MAEL



Nous prenons le métro à notre sortie de l'immeuble. Au bout de quelques minutes de route, je descends à la station Caldwell avant de marcher quinze minutes jusqu'à la fabrique de carreaux tandis que Jared continue sa route pour se rendre à son travail. Les paroles de mon père ne me quittent pas un seul instant. Elles me torturent et me mettent hors de moi. J'essaie de passer à autre chose, mais ce n'est pas facile pour autant. Je ne peux pas l'ignorer, car c'est tout de même mon père et son indifférence me torture psychologiquement. Devant un carton de carreaux, je consulte le nouveau modèle à peindre même si je n'ai aucun courage pour tenir le pinceau en main.

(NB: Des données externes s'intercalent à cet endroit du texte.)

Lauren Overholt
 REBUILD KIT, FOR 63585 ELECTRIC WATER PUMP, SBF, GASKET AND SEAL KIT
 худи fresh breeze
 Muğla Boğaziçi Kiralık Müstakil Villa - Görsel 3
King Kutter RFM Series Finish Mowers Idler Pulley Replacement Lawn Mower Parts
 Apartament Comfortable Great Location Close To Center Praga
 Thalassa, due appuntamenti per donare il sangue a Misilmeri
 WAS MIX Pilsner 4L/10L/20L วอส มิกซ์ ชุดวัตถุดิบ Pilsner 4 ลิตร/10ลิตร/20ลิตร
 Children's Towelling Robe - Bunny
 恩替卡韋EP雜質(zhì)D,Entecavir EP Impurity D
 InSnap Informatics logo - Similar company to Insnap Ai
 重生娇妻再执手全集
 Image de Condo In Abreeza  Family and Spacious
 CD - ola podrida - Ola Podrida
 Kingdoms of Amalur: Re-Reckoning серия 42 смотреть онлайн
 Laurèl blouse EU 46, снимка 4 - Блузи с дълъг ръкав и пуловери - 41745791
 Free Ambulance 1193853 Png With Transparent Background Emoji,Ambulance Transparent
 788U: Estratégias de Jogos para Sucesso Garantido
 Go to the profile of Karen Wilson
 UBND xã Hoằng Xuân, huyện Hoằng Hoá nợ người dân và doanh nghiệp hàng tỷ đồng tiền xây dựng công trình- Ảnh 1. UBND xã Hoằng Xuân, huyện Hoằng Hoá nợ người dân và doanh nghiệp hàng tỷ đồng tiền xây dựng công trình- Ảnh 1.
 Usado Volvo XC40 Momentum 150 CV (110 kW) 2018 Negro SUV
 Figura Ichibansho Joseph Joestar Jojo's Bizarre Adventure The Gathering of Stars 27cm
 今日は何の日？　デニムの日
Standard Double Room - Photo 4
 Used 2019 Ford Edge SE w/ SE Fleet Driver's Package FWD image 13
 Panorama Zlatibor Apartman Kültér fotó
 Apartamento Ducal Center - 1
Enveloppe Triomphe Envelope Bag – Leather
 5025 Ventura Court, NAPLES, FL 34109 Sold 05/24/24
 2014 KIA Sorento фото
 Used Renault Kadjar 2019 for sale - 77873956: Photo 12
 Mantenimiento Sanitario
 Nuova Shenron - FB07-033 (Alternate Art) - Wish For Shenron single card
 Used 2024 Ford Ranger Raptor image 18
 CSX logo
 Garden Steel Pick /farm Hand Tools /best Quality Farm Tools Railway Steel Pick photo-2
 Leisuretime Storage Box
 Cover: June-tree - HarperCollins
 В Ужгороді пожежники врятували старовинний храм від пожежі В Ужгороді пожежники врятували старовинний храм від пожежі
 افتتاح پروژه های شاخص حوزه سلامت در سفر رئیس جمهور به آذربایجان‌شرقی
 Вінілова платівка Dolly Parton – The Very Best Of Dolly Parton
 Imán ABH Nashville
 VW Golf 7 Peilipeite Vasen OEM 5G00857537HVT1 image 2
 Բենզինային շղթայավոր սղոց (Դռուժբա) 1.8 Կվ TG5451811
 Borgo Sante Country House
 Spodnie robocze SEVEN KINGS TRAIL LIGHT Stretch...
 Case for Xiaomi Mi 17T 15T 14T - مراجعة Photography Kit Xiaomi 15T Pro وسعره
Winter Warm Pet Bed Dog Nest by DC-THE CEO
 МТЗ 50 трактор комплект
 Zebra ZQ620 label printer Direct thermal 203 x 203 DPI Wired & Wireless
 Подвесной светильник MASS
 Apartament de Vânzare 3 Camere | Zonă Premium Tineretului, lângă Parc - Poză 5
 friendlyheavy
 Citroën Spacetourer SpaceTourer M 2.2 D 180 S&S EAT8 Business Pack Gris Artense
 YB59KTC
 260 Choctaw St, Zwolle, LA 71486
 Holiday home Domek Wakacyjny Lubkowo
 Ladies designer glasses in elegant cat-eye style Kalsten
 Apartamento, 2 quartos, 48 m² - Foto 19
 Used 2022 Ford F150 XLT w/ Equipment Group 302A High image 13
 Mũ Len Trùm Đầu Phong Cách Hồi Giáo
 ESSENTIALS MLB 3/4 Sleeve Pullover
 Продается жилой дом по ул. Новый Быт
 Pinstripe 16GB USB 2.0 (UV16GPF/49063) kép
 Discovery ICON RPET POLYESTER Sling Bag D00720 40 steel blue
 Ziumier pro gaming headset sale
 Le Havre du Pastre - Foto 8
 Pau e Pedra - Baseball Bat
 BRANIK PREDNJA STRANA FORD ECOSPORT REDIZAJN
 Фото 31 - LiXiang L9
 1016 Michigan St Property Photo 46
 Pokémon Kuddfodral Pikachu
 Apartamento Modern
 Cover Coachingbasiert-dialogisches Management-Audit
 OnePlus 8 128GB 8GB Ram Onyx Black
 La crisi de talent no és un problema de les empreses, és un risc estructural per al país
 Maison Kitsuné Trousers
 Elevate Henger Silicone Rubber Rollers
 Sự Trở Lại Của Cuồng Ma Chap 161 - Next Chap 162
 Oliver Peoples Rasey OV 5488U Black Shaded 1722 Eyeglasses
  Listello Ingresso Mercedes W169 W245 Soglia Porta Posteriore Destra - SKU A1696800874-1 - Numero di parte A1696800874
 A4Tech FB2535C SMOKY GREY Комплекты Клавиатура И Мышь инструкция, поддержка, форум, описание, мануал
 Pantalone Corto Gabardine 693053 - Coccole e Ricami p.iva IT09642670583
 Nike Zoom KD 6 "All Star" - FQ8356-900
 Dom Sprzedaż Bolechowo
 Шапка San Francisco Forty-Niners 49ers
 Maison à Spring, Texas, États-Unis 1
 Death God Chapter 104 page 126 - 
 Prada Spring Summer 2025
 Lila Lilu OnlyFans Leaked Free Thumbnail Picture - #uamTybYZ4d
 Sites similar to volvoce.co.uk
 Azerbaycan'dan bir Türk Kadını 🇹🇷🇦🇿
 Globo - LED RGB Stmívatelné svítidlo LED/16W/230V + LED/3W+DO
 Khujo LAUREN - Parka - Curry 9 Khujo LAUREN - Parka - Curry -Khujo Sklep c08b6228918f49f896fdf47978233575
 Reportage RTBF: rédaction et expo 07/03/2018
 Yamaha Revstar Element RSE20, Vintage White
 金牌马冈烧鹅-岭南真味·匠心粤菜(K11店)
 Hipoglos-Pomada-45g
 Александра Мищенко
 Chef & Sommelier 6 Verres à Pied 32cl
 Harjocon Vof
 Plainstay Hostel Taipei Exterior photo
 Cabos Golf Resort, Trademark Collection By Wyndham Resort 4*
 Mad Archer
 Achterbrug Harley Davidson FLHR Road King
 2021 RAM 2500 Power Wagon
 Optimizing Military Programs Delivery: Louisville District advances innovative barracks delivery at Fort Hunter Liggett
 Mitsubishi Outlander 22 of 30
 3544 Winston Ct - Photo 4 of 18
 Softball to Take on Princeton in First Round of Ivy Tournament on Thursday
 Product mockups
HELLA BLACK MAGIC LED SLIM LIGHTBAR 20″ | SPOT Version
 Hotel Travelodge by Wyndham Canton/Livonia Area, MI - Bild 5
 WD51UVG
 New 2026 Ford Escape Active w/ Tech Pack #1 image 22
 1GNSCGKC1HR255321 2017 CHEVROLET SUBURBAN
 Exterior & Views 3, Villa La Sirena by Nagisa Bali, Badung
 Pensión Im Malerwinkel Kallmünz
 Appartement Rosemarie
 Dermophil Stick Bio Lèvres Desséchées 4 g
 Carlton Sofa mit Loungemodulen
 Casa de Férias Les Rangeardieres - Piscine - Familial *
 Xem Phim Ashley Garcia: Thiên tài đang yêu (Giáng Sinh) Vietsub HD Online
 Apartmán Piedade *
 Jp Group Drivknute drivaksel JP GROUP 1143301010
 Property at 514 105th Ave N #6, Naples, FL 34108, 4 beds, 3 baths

- Est-ce que tout va bien ? J'entends.


Une voix familière dans mon dos me fait sursauter.


Je me retourne et retrouve le visage curieux de mon patron. M. Duke. Cet homme de couleur qui n'a pas hésité une seconde à me recruter quand il s'est aperçu de mon talent. Il m'a offert une chance et je ne veux pas la gâcher. En tout cas, travailler à mi-temps dans cette fabrique est la seule façon que je connaisse pour me garantir un avenir meilleur.


- Tu veux en parler ? Me demande-t-il en grattant sa barbe blanche.


- De quoi ? Je réponds en versant la peinture bleue dans un gobelet.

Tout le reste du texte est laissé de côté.